A história da humanidade registra a passagem de pessoas ilustres cujas realizações e legados influenciaram de forma decisiva os destinos das sociedades que integraram. Entre nós, Arnaldo Süssekind compõe esse rol de notáveis em razão de sua destacada atuação na construção e defesa do sistema brasileiro de regulação das relações individuais e coletivas de trabalho. Com sua visão humanista, Süssekind esteve à frente da grande maioria dos debates que marcaram a história dos direitos sociais no Brasil, mantendo-se permanentemente engajado na luta em defesa da Justiça social e do valor maior da dignidade da pessoa humana. Ao lado de juristas destacados, Süssekind compôs a histórica comissão constituída por Getúlio Vargas para forjar o modelo normativo brasileiro de relações individuais e coletivas de trabalho, bem assim, os respectivos sistemas de composição de conflitos. O trabalho produzido por essa comissão de notáveis, traduzido na Consolidação das Leis do Trabalho (CLT), mantém intactos até o presente os seus principais pilares de sustentação, apesar das inúmeras mudanças socioeconômicas vivenciada no Brasil ao longo dos anos.
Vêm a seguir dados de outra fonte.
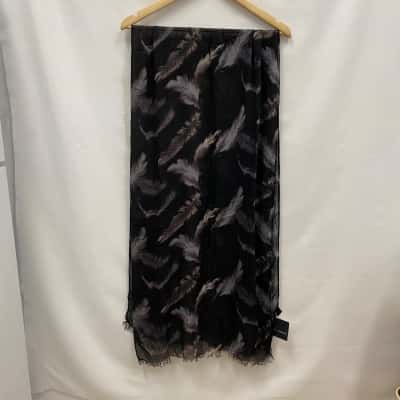 Basque Women's Scarf Black RRP$30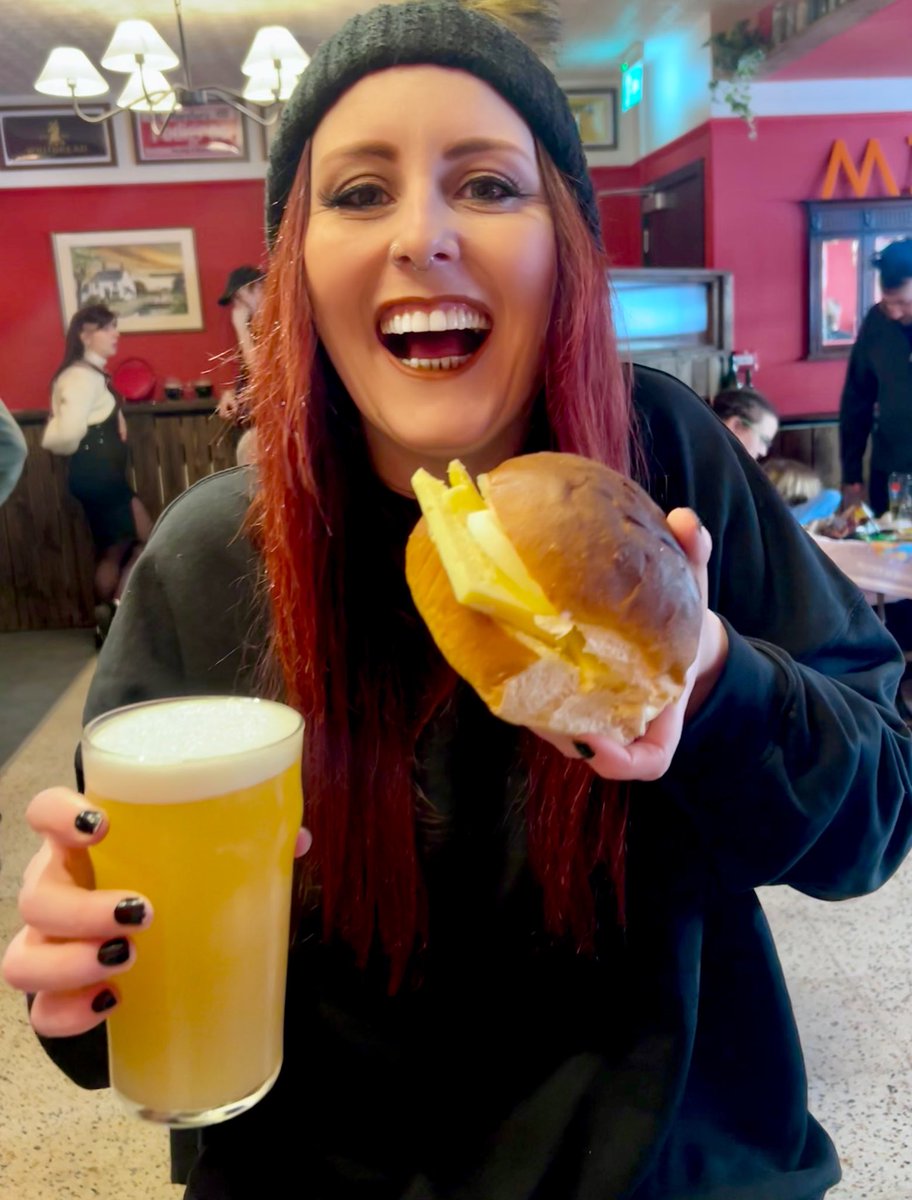 Bite Your Brum (she/her) tweet media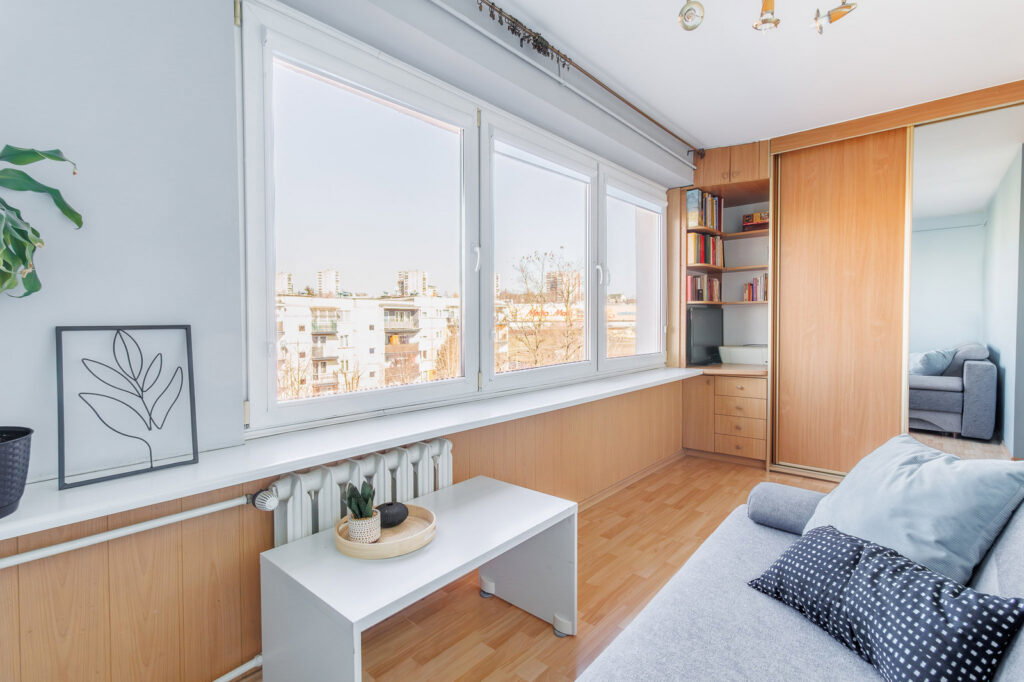 Trzypokojowe mieszkanie z balkonem na Os. Legionów - zdjęcie 2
Confirmando a tese de que nenhum saber pode ser pleno e efetivo se não conectado à realidade concreta da vida, Arnaldo Süssekind atuou nas várias esferas do mundo jurídico, como Ministro do Tribunal Superior do Trabalho, Advogado e Consultor Jurídico. No plano internacional, na condição de membro da Comissão de Peritos da Organização Internacional do Trabalho (OIT), também ofereceu marcante contribuição à causa dos direitos sociais. Compôs os quadros de associados da Academia Brasileira de Letras Jurídicas e da Academia Ibero-Americana de Derecho del Trabajo y de la Seguridad Social. Nos últimos anos de sua prolífica existência, marcada por uma produção intelectual de expressiva densidade científica, elaborou inúmeros pareceres sobre temas jurídicos relevantes e atuou como Consultor Jurídico da Companhia Vale do Rio Doce.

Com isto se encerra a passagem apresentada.